Feeling totally beautiful

Not too long ago, I was an awkward girl. Imagine me still tall and lanky but with bushy eyebrows, braces, and a dubious sense of style, if any. I was a rather homely kid practically void of all pleasing aesthetics to the human eye, and literally had a face that only a mother could love.

Okay, perhaps there’s a little bit of exaggeration on my part. But when you’re the younger sister of a girl who was an overachieving cheerleading heartthrob, it’s hard to feel anything close to cool when you’re a flute-playing drama club geek. Even as I slowly crept into adolescence, my body refused to morph into any semblance of having womanly curves.

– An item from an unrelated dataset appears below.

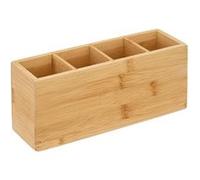 5five Organiseur de salle de bain Natureo 4 compartiments bambou 22 cm naturel beige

Through the years, I continued to silently struggle with my looks. However, one epiphanic summer, we had a family trip to Europe to visit my brother Robby in Norway, where he was living as an exchange student for a year. In the little town of Stokmarknes, a few of my brother’s friends and neighbors had come over to his foster family’s home to meet us. 

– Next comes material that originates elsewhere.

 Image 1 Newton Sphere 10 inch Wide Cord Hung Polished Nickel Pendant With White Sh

One of them, a boy, stared at me the entire afternoon to the point that I felt uncomfortable. He finally mumbled something to my brother I couldn’t understand, and Robby translated, “He says you’re the most beautiful girl he’s ever seen in his life.” At that point, my 14-year-old self thought that maybe I wasn’t such a troll after all. And who cares if this Norwegian boy was actually only eight years old? The point is, it was the first time those words were ever uttered to me. 

Not that my ego went on a sudden inflation after that. As I entered the modeling world with trepidation, I again found myself battling with the idea of what Filipino society held as the gold standard for beauty. Seeing a billboard of myself felt even more strange as it was flanked by other images so different from my looks—fair skinned and with an inter-racial aesthetic.  

I remember clearly when Dove launched their Campaign For Real Beauty in 2005, they challenged this long-held ideal of beauty that’s been ingrained in the Filipina consciousness for many decades. Billboards, posters and ads of women in different shapes, sizes, skin color and age polarized the scene. Perhaps the most famous and controversial of the tick-box ads was the one displayed on EDSA, with a beautiful and curvaceous lady asking the question, “Extra-large? Extra-sexy?”

The one that caught my eye was “Flat? Flattering?” featuring a lady with small breasts. While I’ve come to fully accept that my body will never make it to Baywatch status, seeing ads like this assured me that size doesn’t always matter. At least, that’s what she said.

It has been 10 years since Dove entered the Filipino market and redefined our perception of beauty. They weren’t all about achieving a certain skin color, or looking a certain age, but instead they celebrated the age-old adage of discovering real inner beauty. To kickstart their 10-year anniversary, they recently launched “Dove at Ten: Totally Beautiful” in Tagaytay Highlands. 

In this two-day getaway, the women were given a unique treat to pamper the body unlike any other. We’ve heard of a manicure and a pedicure, but have you ever had a pitticure? At the Spa Lodge, guests were given underarm pampering of exfoliating, massaging and all the TLC your much-neglected pits deserve. 

After being receiving their spa indulgences, it was time to feed the tummy and nourish the soul with an outdoor dinner to appreciate nature’s beauty at Belle House 2 followed by a guided meditation to reflect on our true inner beauty. It was a day of total beauty from head to toe, as well as inside and out.   

Sure, there are days when we wake up in the morning, look in the mirror, and zero in on our thunder thighs or muffin top. But the point is that, like the little Norwegian boy who found my dark skin, bushy eyebrows and overbite smile attractive, sometimes beauty is simply about perspective.